▶ [STORED DATA]
┄┄┄┄┄┄┄┄┄┄

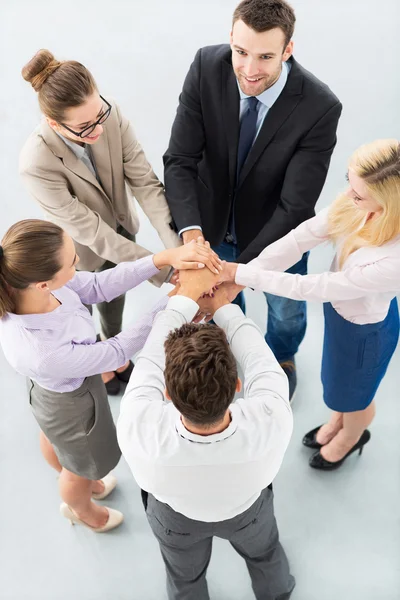 Young business people joining hands in circle Stock Picture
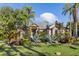 Inviting home front with mature landscaping, including palm trees and lush lawn at 49 Osprey Point Dr, Osprey, FL 34229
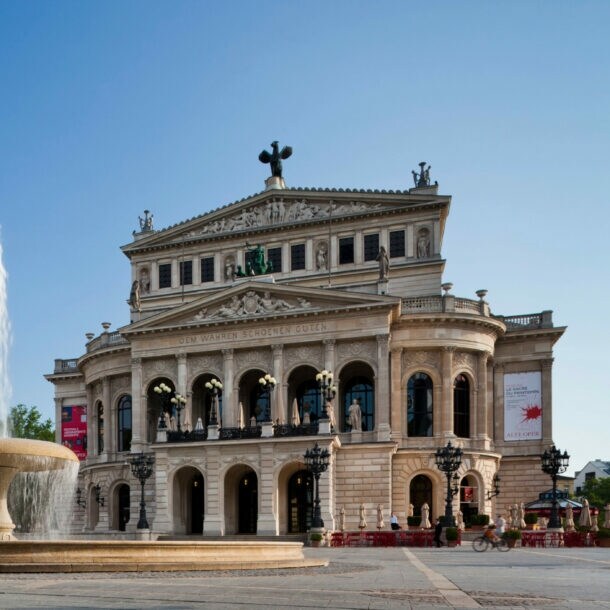 Opernplatz mit Springbrunnen und dahinterliegend das historische Gebäude der Alten Oper Frankfurt.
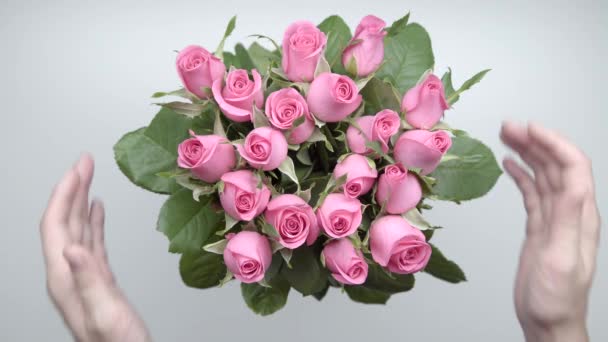 Női kezek érintse meg egy csokor rózsaszín rózsa az asztalon. Lassú mozgás. 12 - Felvétel, videó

┄┄┄┄┄┄┄┄┄┄

▶ [PROBLEM STATEMENT] Restate all of the material word for word. Keep out every picture.

▶ [RESULT OF THE EXERCISE]
 Young business people joining hands in circle Stock Picture
 Inviting home front with mature landscaping, including palm trees and lush lawn at 49 Osprey Point Dr, Osprey, FL 34229
 Opernplatz mit Springbrunnen und dahinterliegend das historische Gebäude der Alten Oper Frankfurt.
 Női kezek érintse meg egy csokor rózsaszín rózsa az asztalon. Lassú mozgás. 12 - Felvétel, videó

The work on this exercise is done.